Just this side of heaven is a place called Rainbow Bridge. 

 When an animal dies that has been especially close to someone here, that pet goes to Rainbow Bridge.   

There are meadows and hills for all of our special friends so they can run and play together. 

There is plenty of food, water and sunshine, and our friends are warm and comfortable. 

 All the animals who had been ill and old are restored to health and vigor; those who were hurt or maimed are made whole and strong again, just as we remember them in our dreams of days and times gone by. 

The animals are happy and content, except for one small thing; they each miss someone very special to them, who had to be left behind. 

 They all run and play together, but the day comes when one suddenly stops and looks into the distance.

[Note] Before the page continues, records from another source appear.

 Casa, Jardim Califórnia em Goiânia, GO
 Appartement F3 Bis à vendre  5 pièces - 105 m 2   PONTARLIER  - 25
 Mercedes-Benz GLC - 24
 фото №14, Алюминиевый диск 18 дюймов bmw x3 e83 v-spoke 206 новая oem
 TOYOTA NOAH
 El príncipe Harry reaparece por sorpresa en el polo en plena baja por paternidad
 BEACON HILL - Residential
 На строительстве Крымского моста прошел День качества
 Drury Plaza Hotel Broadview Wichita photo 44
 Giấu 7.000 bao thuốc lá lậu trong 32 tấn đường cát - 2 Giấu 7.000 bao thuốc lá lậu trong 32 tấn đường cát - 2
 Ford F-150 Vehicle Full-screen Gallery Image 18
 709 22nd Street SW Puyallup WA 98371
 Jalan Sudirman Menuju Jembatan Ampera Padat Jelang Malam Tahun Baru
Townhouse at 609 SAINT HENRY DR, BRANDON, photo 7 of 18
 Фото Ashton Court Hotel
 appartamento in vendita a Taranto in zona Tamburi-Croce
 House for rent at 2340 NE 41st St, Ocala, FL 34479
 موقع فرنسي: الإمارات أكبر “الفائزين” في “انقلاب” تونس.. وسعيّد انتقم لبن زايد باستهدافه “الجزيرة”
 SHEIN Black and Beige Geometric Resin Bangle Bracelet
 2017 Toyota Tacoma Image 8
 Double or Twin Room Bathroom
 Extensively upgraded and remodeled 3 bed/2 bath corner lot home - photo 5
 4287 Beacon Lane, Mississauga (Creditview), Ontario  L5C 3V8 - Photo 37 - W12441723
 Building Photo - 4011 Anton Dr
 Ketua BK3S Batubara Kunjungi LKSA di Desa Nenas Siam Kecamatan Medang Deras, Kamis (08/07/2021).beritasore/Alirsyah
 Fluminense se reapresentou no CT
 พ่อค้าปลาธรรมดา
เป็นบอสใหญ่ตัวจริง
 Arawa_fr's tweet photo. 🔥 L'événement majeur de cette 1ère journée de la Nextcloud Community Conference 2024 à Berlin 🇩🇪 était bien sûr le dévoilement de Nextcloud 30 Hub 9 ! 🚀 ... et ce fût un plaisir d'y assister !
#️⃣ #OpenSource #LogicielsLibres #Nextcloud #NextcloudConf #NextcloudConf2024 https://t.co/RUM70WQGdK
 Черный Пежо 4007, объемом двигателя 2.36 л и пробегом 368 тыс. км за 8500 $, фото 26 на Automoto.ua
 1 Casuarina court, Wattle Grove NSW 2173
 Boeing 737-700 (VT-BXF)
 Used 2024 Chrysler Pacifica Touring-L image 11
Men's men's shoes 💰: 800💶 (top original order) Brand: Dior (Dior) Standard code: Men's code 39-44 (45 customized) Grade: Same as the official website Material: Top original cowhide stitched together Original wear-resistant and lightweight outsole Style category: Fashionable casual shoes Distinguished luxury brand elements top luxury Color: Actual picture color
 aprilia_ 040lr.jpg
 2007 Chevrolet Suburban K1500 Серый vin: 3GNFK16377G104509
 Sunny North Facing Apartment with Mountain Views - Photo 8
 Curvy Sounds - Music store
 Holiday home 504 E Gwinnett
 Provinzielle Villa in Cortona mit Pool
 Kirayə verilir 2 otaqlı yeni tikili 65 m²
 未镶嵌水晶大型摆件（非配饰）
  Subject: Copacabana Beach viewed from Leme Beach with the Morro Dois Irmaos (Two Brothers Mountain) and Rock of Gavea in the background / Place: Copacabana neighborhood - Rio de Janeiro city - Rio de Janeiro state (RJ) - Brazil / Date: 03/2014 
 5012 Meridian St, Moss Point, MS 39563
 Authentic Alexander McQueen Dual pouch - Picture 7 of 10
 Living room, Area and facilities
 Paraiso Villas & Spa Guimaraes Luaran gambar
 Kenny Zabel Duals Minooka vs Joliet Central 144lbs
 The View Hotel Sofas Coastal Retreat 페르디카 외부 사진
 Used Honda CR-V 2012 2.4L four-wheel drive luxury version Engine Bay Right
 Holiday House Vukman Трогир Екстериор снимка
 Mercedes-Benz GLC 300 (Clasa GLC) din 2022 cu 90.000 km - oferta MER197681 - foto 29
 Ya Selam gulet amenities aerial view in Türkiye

His bright eyes are intent; His eager body quivers. Suddenly he begins to run from the group, flying over the green grass, his legs carrying him faster and faster. 

 You have been spotted, and when you and your special friend finally meet, you cling together in joyous reunion, never to be parted again. The happy kisses rain upon your face; your hands again caress the beloved head, and you look once more into the trusting eyes of your pet, so long gone from your life but never absent from your heart. 

 Then you cross Rainbow Bridge together.... 

 Author unknown...[/SIZE]


----------



## MJS (Apr 20, 2007)

Sorry for your loss.:asian:


----------



## exile (Apr 20, 2007)

Ach, I'm so sorry about your poor cat, SD. I've had many cats in my life and loved every one. It's hard enough losing them after they've lived a full, happy life, but something like this... more than the heart can bear.


----------



## Andy Moynihan (Apr 20, 2007)

First of all, as another cat lover, please accept my condolences.

Second, as others have said and I must echo, NEVER feel ashamed or trivialized over grief at the loss of a loved one, human or animal.

And I've a feeling one way or the other, the murderer (for that is what he is) will get his comeuppance, natural or otherwise. Tales from the world over would seem to confirm it:

*In Egypt, in honor of Isis, anyone who killed a cat was put to death.

*In my ancestral country of Ireland, it was 17 years bad luck to anyone who killed a cat.

*And it appears in several cultures that killing a cat is equal to sacrificing one's soul to the Devil.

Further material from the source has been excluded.